• **Directions**: Copy word for word, and only, the lines below from the one with "Постер книги Капкан для серой мышки" through the last.

• **The data**:
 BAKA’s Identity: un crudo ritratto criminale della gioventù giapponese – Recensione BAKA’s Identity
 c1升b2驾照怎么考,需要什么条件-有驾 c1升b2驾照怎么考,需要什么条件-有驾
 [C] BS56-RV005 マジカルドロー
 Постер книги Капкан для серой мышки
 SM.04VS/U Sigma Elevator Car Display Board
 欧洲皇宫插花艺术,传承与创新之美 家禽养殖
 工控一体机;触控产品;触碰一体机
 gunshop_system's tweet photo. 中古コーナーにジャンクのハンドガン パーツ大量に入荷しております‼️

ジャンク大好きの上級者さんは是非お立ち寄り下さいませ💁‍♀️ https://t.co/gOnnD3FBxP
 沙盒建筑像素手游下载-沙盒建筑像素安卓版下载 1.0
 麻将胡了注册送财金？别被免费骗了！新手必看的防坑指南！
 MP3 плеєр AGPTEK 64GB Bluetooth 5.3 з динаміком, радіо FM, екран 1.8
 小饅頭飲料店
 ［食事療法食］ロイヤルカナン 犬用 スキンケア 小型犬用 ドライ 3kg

• **Solution to this problem**:
 Постер книги Капкан для серой мышки
 SM.04VS/U Sigma Elevator Car Display Board
 欧洲皇宫插花艺术,传承与创新之美 家禽养殖
 工控一体机;触控产品;触碰一体机
 gunshop_system's tweet photo. 中古コーナーにジャンクのハンドガン パーツ大量に入荷しております‼️

ジャンク大好きの上級者さんは是非お立ち寄り下さいませ💁‍♀️ https://t.co/gOnnD3FBxP
 沙盒建筑像素手游下载-沙盒建筑像素安卓版下载 1.0
 麻将胡了注册送财金？别被免费骗了！新手必看的防坑指南！
 MP3 плеєр AGPTEK 64GB Bluetooth 5.3 з динаміком, радіо FM, екран 1.8
 小饅頭飲料店
 ［食事療法食］ロイヤルカナン 犬用 スキンケア 小型犬用 ドライ 3kg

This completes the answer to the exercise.